*Supplied data*:

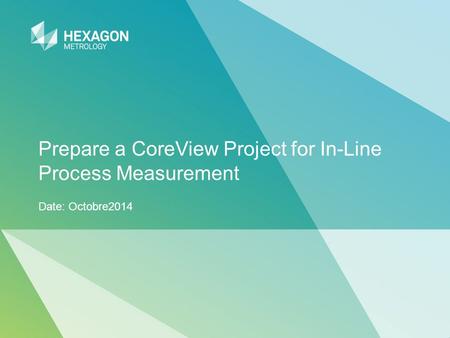 Prepare a CoreView Project for In-Line Process Measurement Date: Octobre2014.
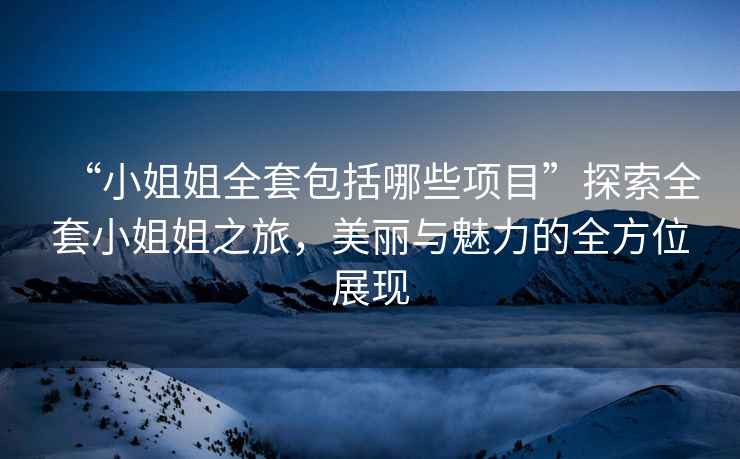 “小姐姐全套包括哪些項(xiàng)目”探索全套小姐姐之旅，美麗與魅力的全方位展現(xiàn)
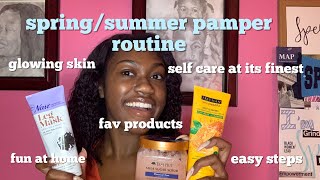 My 2021 Spring/Summer Pamper Routine | how to get that glowing skin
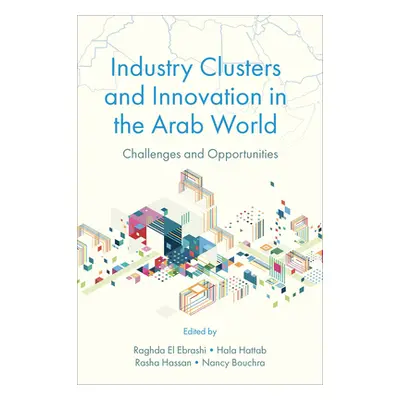 "Industry Clusters and Innovation in the Arab World: Challenges and Opportunities" - "" ("El Ebr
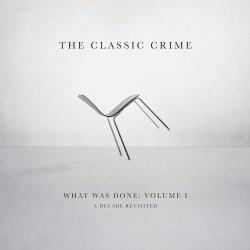 What Was Done, Vol. 1: A Decade Revisited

*Requirement*:
Repeat the data in full, exactly as it stands, but drop every picture.

*Reply to the task*:
 Prepare a CoreView Project for In-Line Process Measurement Date: Octobre2014.
 “小姐姐全套包括哪些項(xiàng)目”探索全套小姐姐之旅，美麗與魅力的全方位展現(xiàn)
 My 2021 Spring/Summer Pamper Routine | how to get that glowing skin
 "Industry Clusters and Innovation in the Arab World: Challenges and Opportunities" - "" ("El Ebr
 What Was Done, Vol. 1: A Decade Revisited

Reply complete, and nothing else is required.